* PROBLEM TO SOLVE: After locating the line that contains "WhatsApp注册收不到验证码？账号被封？3分钟教你搞定！ 第3张" in the material below, copy that line and each one following it, exactly, up to the last line. Pictures stay out.

* STORED DATA:

=== Begin Enclosure ===

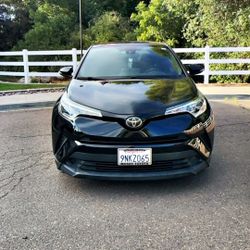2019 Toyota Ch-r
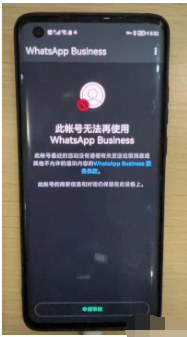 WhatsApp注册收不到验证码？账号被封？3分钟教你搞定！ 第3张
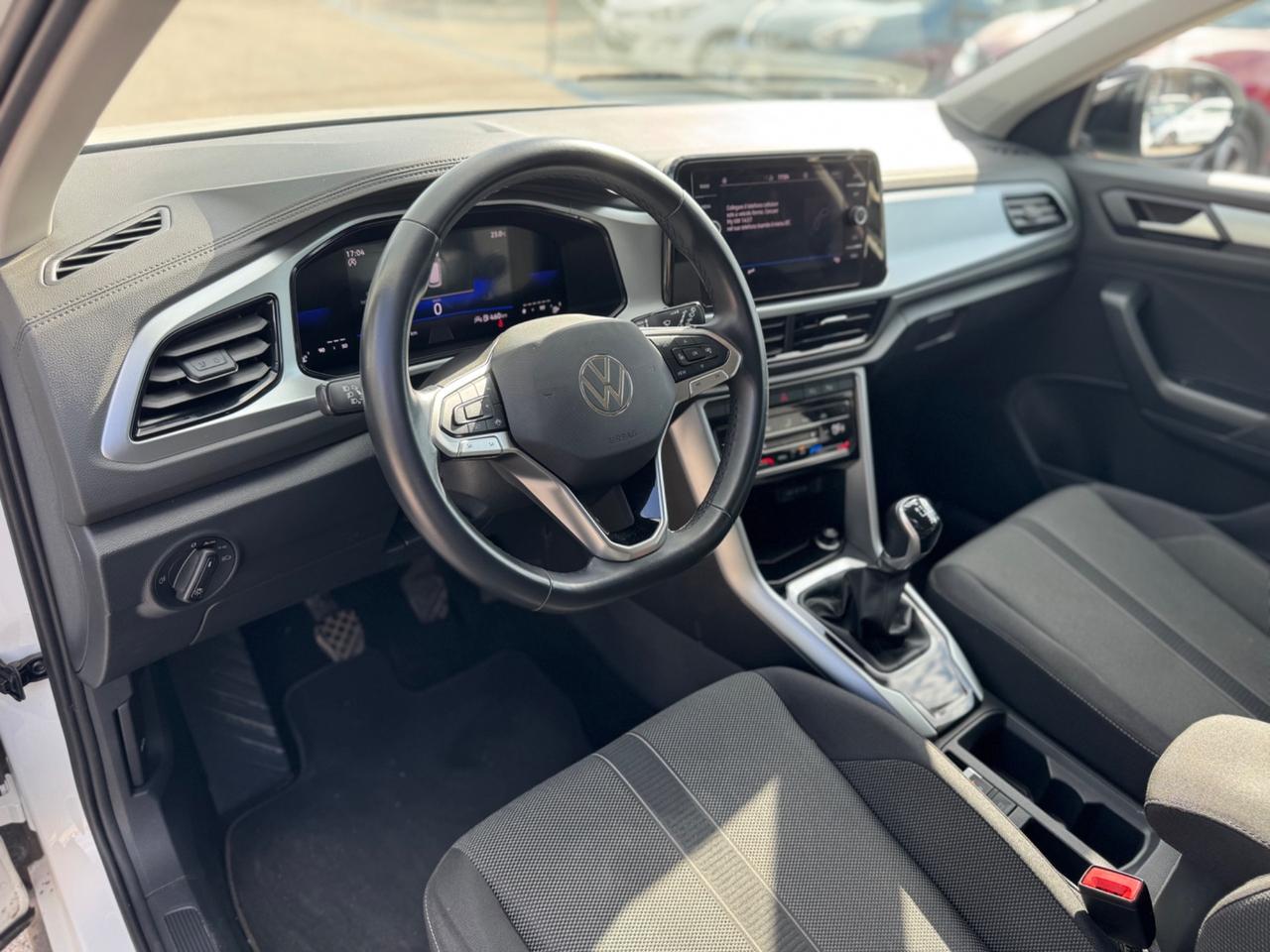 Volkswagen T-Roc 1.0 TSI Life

=== End Enclosure ===

* EXERCISE SOLUTION:
 WhatsApp注册收不到验证码？账号被封？3分钟教你搞定！ 第3张
 Volkswagen T-Roc 1.0 TSI Life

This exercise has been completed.